Often, the best source for new ideas in an organization are the employees themselves. But according to author Matthew May, management should never give rewards for innovation.
The opening of his article summarizes the theory:
I am constantly asked how to best structure a financial reward system in an effort to motivate people to contribute ideas and improvements. My answer: Just say no.
Combined research from the Employee Involvement Association and Japan Human Relations Association reveals that the average number of ideas submitted per employee annually is 100 times greater in Japanese companies than in U.S. companies. Why? For one thing, we reward the wrong thing in the wrong way. The average reward in Japanese companies is 100 times less than the average U.S. reward of nearly $500. We have it backwards!
In a nutshell: payment for ideas can defeat the purpose.
The ramifications of this extreme proposal have far-reaching effects. The employee who provides exceptional work will often find the announcement demoralizing. The accountant handling the budget will likely be pleased by the reduction of unplanned expenses. Some managers will be frustrated by their inability to reward employees, while others will smugly insist all the best ideas come from themselves anyway. A policy opposing payment for ideas would fundamentally alter the core culture of many organizations.
So why does Matthew May argue against bonuses for good suggestions? Because it attempts to measure what cannot be measured, and value what cannot be fairly evaluated. It establishes an environment of expectation, not one where people are constantly looking for ways to improve without external motivation. The desire to do more should be intrinsic—it should come from within. As May quips: “[We should] not attempt to light a fire under people, [but] light the fire within them.”
Bonuses for innovation stem from an obsession with measurement, a topic The Methodology Blog covered. Studying figures and exercising control sometimes drives process beyond practical benefit. Since we are monitoring output, we assume that we need to compensate according to results.
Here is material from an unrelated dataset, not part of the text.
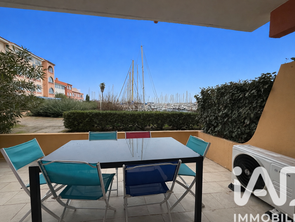 Vente Appartement 2 piècesLeucate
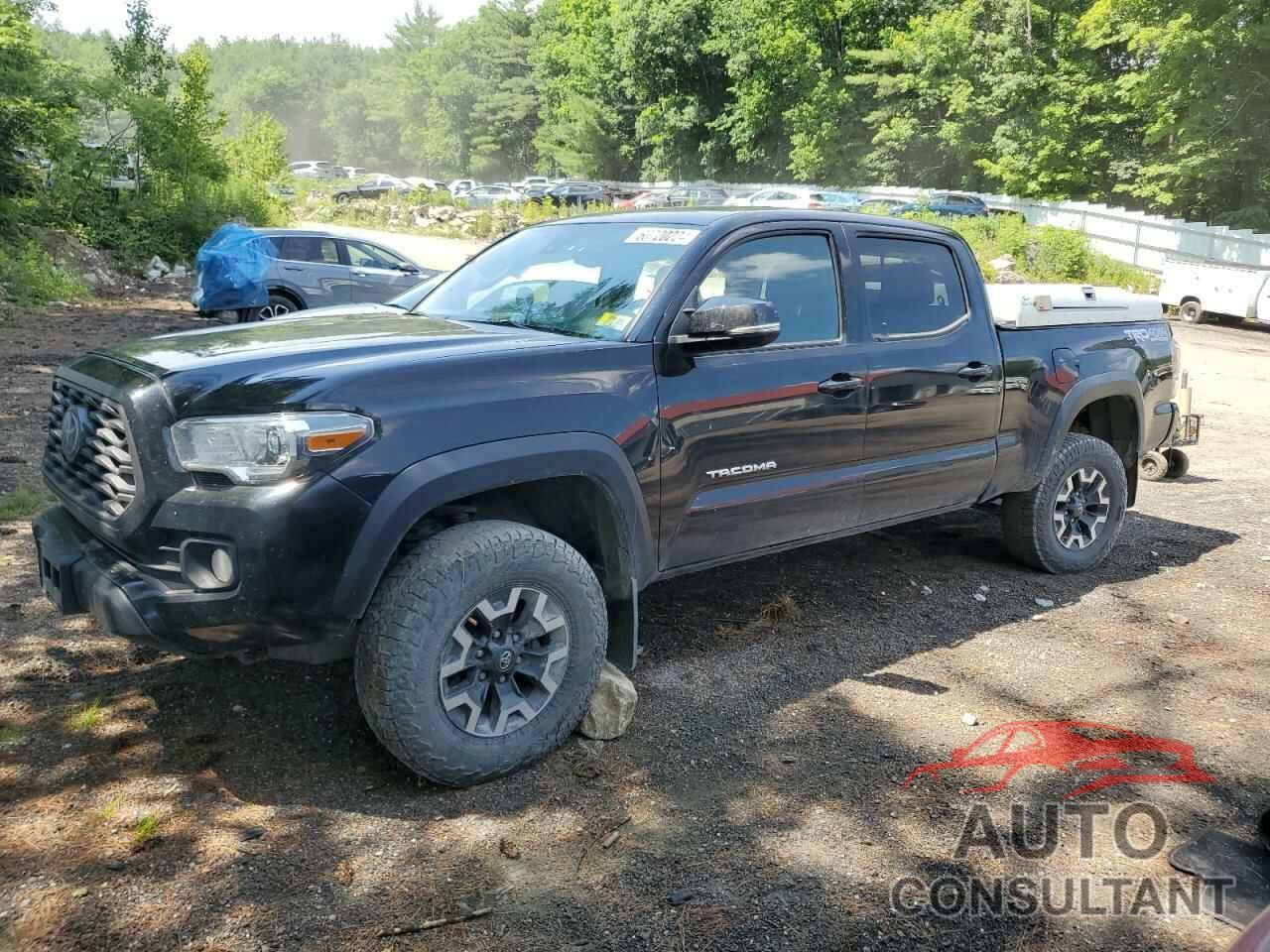 TOYOTA TACOMA 2022 - 3TMDZ5BN2NM121789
But this logic is flawed. Consider the story of an intern who came up with a million dollar idea. He was already being paid for his job, which is mostly to think up interesting ideas. Paying him twice makes it seem like the compensation is the most important part. According to Joel Spolsky, the intern’s supervisor:
The very act of rewarding workers for a job well done tends to make them think they are doing it solely for the reward; if the reward stops, the good work stops. And if the reward is too low, workers might think, Gosh, this is not worth it. They will forget their innate, intrinsic desire to do good work.
At AccelaWork, we do not provide management consulting. So why do we care about how organizations structure their compensation systems? Because it impacts individual motivation to conduct and improve the process of work. Methodology engineering is best conducted by the stakeholders themselves because they fundamentally believe in continuous improvement.
If you’re an employee and you are offered something extra for a job well done, consider something radical: refuse to accept that bonus. Tell your manager that you want to be motivated not out of fear, greed or expectation, but out of a personal desire to contribute. Light a fire within yourself, not one beneath you or one to run toward. Get excited about working hard for the sake of hard work itself.